Well-Architected Framework
Zero-downtime application deployments
Application changes can use blue/green, canary, rolling, or a combination of the three. Your deployment method depends on whether you use virtual machines or containers, along with the criticality of your application. In the following sections, you will learn how these deployment strategies work with load balancers, non-containerized applications, and containerized applications.
Load balancers and proxies
Load balancers and reverse proxies can manage your application by directing traffic between your blue and green environments. They can then direct a subset of users for canary deployments and testing and control traffic for rolling deployments.
Load balancers and proxies route traffic between application environments during updates. They support blue-green deployments and canary releases, allowing you to gradually shift users to new versions while maintaining the ability to roll back if issues occur. By continuously monitoring application health and automatically routing around failed instances, they increase service availability throughout the deployment process.
Regardless of your cloud provider, you can use Terraform to manage the deployment and control of load balancers and proxies. Using Terraform for IaC allows you to version control your load balancer configurations alongside your application code, ensuring that changes are tracked, reviewed, and rolled back if needed. You can define target groups, health check parameters, routing rules, and SSL certificates declaratively, then apply these configurations automatically as part of your CI/CD pipeline.
HashiCorp resources:
- Read the use Application Load Balancers for blue-green and canary deployments tutorial.
External resources:
- AWS Fine-tuning blue/green deployments on application load balancer
- Using AWS Load Balancer Controller for blue/green deployment, canary deployment and A/B testing
- Azure Blue-Green deployments using Azure Traffic Manager
- F5 Flexible Load Balancing for Blue/Green Deployments and Beyond
Non-containerized applications
Using a blue/green or rolling deployment is a good approach if you are deploying applications on virtual machines. Blue/green deployments limit downtime and reduce risk by maintaining two identical production environments - one live, one idle. You deploy to the idle environment, test thoroughly, then switch traffic over. If problems occur, you can roll back immediately by switching traffic back.
For high-impact applications, we advise incorporating canary testing into your blue/green deployment strategy.
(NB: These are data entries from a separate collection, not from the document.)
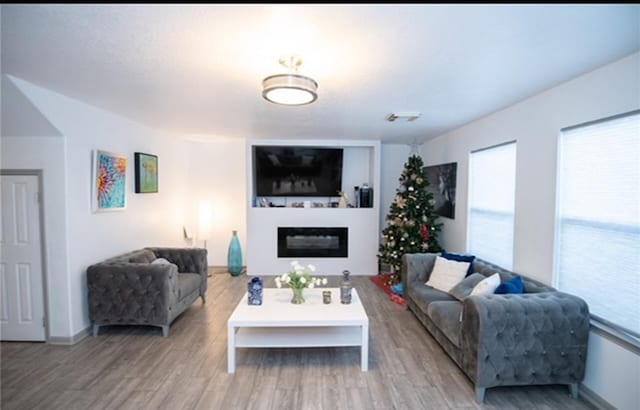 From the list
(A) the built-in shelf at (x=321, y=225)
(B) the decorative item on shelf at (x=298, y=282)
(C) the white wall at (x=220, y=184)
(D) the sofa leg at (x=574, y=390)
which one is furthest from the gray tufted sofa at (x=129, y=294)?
(D) the sofa leg at (x=574, y=390)

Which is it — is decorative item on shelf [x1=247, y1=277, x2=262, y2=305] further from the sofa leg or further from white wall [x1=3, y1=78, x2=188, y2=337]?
the sofa leg

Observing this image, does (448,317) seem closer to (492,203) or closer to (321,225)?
(492,203)

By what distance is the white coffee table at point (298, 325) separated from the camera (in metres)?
2.83

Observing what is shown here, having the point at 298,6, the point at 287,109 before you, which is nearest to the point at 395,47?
the point at 298,6

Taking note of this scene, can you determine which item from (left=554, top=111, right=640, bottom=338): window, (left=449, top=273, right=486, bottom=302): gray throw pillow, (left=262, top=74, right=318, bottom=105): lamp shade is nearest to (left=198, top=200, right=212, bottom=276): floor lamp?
(left=262, top=74, right=318, bottom=105): lamp shade

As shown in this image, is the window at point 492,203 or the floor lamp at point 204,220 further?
the floor lamp at point 204,220

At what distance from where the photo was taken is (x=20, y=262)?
331 centimetres

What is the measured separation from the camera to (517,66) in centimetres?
234

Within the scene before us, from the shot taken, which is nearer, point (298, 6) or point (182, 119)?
point (298, 6)

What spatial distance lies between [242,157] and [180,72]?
392 cm

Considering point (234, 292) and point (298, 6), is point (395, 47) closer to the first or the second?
point (298, 6)

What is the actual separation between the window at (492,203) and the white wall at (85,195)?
15.2ft

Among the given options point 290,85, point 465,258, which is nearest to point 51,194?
point 290,85

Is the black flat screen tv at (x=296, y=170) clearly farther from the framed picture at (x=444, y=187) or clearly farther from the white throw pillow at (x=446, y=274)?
the white throw pillow at (x=446, y=274) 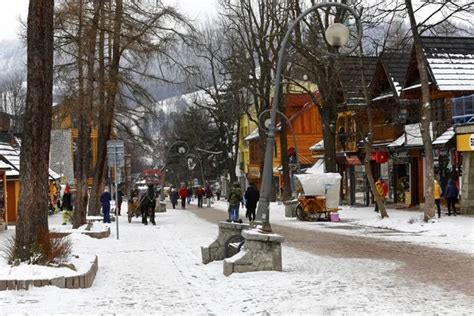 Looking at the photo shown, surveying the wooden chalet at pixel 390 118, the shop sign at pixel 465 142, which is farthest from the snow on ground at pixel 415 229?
the wooden chalet at pixel 390 118

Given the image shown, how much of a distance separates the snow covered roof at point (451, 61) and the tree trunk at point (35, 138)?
899 inches

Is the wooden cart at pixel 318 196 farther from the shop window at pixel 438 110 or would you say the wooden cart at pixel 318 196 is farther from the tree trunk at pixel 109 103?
the tree trunk at pixel 109 103

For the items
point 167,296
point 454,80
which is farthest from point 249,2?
point 167,296

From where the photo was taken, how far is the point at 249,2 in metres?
43.6

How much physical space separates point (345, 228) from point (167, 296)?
16.9 metres

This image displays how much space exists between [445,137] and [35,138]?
22886mm

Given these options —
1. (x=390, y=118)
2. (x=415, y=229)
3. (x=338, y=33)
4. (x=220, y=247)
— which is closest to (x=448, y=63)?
(x=390, y=118)

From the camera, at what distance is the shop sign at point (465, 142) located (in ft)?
95.4

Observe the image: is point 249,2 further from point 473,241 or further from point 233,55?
point 473,241

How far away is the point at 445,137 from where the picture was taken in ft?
105

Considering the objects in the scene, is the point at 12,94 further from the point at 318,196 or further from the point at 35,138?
the point at 35,138

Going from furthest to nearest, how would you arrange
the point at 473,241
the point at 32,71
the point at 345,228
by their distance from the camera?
the point at 345,228 → the point at 473,241 → the point at 32,71

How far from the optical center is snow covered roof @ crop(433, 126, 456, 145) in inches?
1235

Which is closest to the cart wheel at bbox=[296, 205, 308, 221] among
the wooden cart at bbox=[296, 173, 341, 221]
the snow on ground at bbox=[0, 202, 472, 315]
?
the wooden cart at bbox=[296, 173, 341, 221]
This testing method allows you to validate your new version before fully transitioning your traffic, ensuring a stable and desired user experience.
The following is an example of canary testing your green environment:
After the green environment is ready, the load balancer sends a small fraction of the traffic to the green environment (in this example, 10%).
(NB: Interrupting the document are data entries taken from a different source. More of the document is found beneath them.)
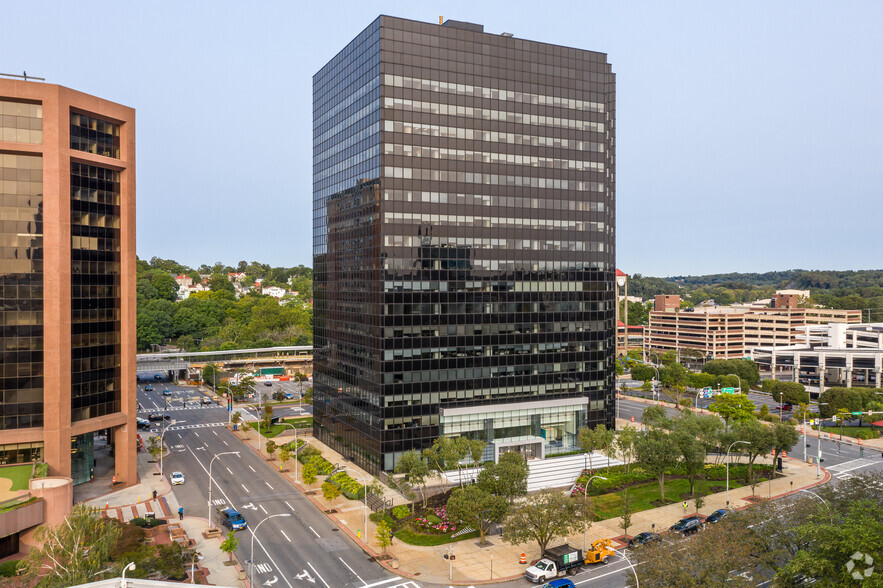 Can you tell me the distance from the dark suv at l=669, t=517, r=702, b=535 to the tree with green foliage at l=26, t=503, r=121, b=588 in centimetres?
5309

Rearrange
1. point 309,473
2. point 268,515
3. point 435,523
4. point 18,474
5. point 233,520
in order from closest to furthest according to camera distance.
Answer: point 233,520 → point 435,523 → point 18,474 → point 268,515 → point 309,473

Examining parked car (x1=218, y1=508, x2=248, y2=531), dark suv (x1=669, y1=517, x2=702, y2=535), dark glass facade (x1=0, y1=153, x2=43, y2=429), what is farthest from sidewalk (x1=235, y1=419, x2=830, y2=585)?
dark glass facade (x1=0, y1=153, x2=43, y2=429)

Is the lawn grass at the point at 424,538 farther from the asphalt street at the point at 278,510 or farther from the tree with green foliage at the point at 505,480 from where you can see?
the asphalt street at the point at 278,510

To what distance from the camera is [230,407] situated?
5182 inches

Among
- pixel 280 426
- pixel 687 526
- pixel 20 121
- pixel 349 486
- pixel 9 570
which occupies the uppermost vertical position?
pixel 20 121

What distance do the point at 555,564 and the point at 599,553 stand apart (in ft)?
18.2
If the canary test succeeds without errors, you can incrementally direct traffic to the green environment (50/50 — split traffic) over time. In the end state, you redirect all traffic to the green environment. After verifying the new deployment, you can destroy the old blue environment. The green environment is now your current production service.
Containerized applications
Containers can use rolling, blue/green, and canary deployments, through orchestration tools like Nomad and Kubernetes.
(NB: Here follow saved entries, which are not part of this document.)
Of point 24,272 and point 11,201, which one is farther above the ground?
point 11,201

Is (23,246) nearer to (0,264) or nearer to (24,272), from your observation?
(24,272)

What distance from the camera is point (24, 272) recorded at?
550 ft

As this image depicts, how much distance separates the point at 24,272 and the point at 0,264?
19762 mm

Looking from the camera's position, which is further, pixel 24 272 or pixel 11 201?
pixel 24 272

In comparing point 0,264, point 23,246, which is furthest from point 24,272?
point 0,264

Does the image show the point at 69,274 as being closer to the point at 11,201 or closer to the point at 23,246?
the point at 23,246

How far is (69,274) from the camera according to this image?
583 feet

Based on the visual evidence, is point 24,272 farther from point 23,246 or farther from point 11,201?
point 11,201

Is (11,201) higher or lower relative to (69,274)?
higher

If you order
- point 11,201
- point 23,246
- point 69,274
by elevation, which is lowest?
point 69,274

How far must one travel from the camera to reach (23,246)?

Blue/green, rolling, and canary deployments each lowers downtime risk.
- Blue/green deployments provide instant rollback capability by maintaining two identical environments and switching traffic between them, ensuring zero downtime but requiring double the resources.
- Rolling deployments gradually replace instances one by one, minimizing resource usage while maintaining availability, making them efficient for resource-constrained environments.
- Canary deployments mitigate risk by releasing to a small subset of users first, allowing you to validate changes and catch issues before full rollout.
Rolling deployments are a popular strategy for deploying applications using orchestration systems. With rolling deployments, the orchestrator gradually replaces old instances with new ones. Once the new instances are available and pass health checks, the orchestrator can direct traffic to the new instances and then destroy the old instances.
Nomad supports rolling updates as a first-class feature. To enable rolling updates, you can annotate a job or task group with a high-level description of the update strategy using the update
block.
By default, Kubernetes uses rolling updates. Kubernetes does this by incrementally replacing current pods with new ones. The new Pods are scheduled on Nodes with available resources, and Kubernetes waits for those new Pods to start before removing the old Pods.
As described in infrastructure-changes, both Nomad and Kubernetes support blue/green deployments. Before sending all your traffic to your new cluster, you can use canary testing to ensure the new cluster is working as intended.
HashiCorp resources:
- Learn how to use blue/green deployments with the Nomad blue/green and canary deployments tutorial.
- To learn about Nomad rolling updates, refer to the Nomad's Rolling updates tutorial.
- Learn about Nomad's
update
block. The update strategy is used to control things like rolling upgrades and canary deployments.
External resources:
Next steps
In this section of Zero-downtime deployments, you learned about methods to deploy application changes with zero-downtime. Zero-downtime deployments is part of the Define and automate processes pillar.